=== Provided data ===

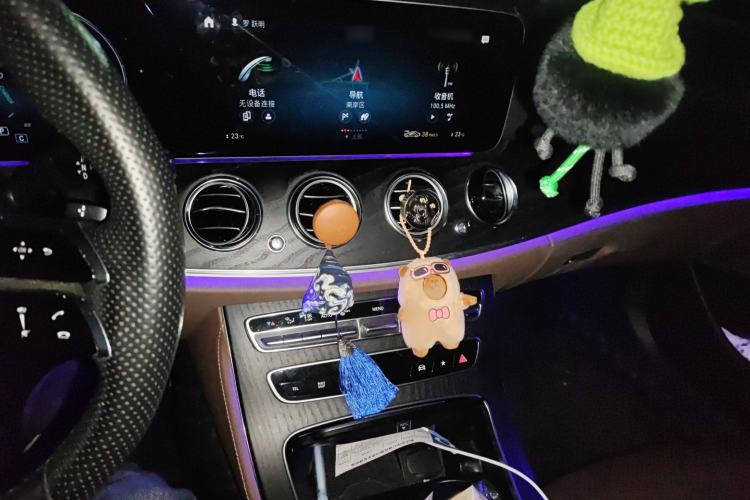 Used Mercedes-Benz E-Class 2023 Restyled E 300 L Sporty and Stylish Edition
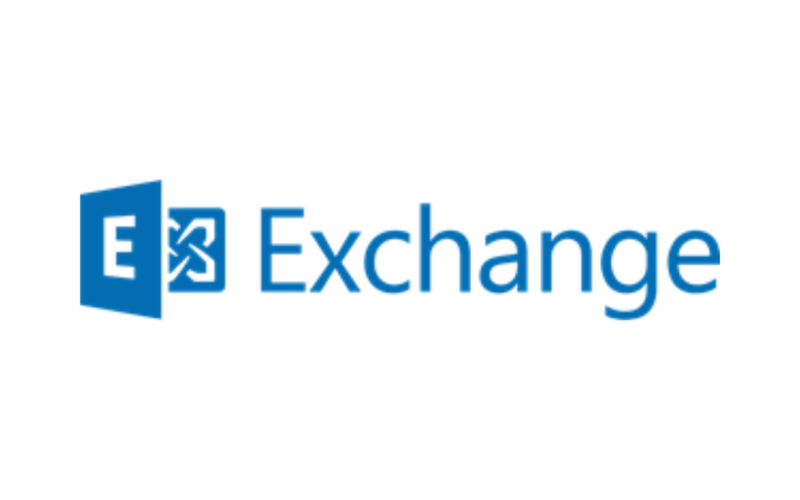 Microsoft Exchange Logo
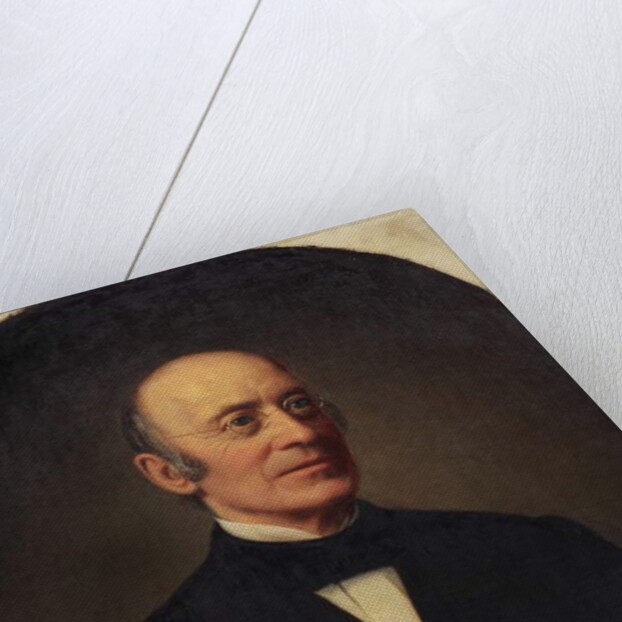 William Lloyd Garrison by Edwin Tryon Billings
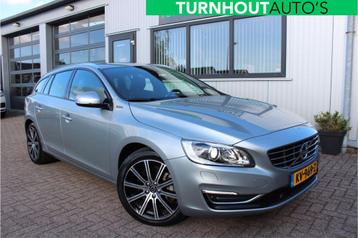 Volvo V60 2.4 D5 Twin Engine Special Edition Schuifdak | Cam beschikbaar voor biedingen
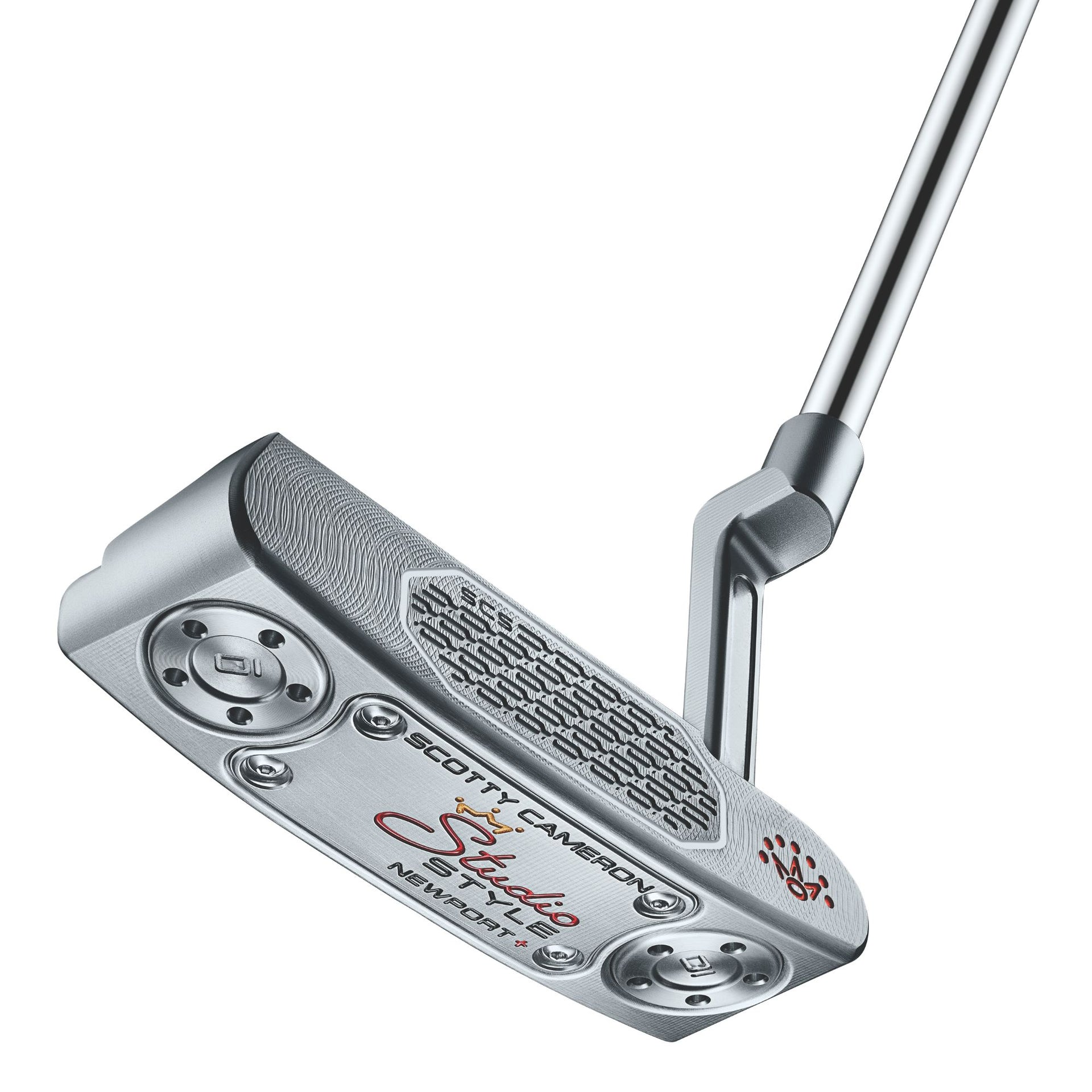 Scotty Cameron SS Newport Plus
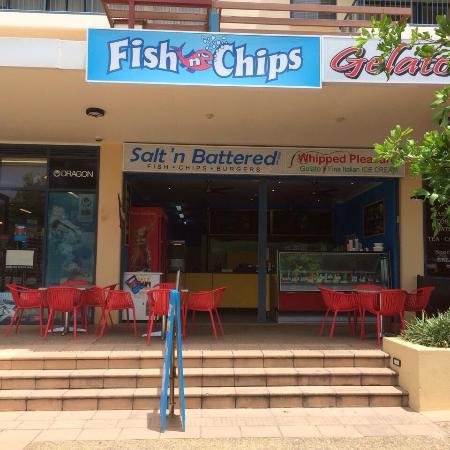 Salt N Battered On Alex Pty Ltd - Tourism Gold Coast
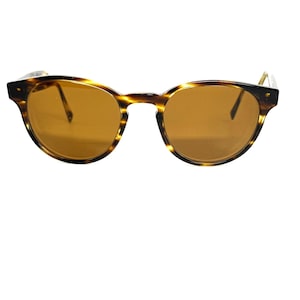 Warby Parker Percey M - Armações de óculos redondas médias 48-20-140 H18186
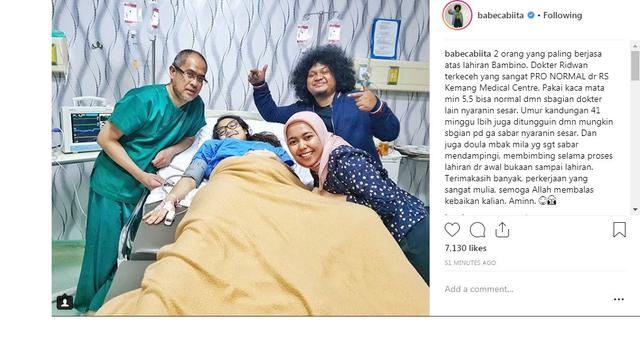 Babe Cabiita (Foto: Instagram)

===

- **Prompt**: Make an exact copy of every entry above, but keep the pictures out of it.

- **Response for this exercise**:
 Used Mercedes-Benz E-Class 2023 Restyled E 300 L Sporty and Stylish Edition
 Microsoft Exchange Logo
 William Lloyd Garrison by Edwin Tryon Billings
 Volvo V60 2.4 D5 Twin Engine Special Edition Schuifdak | Cam beschikbaar voor biedingen
 Scotty Cameron SS Newport Plus
 Salt N Battered On Alex Pty Ltd - Tourism Gold Coast
 Warby Parker Percey M - Armações de óculos redondas médias 48-20-140 H18186
 Babe Cabiita (Foto: Instagram)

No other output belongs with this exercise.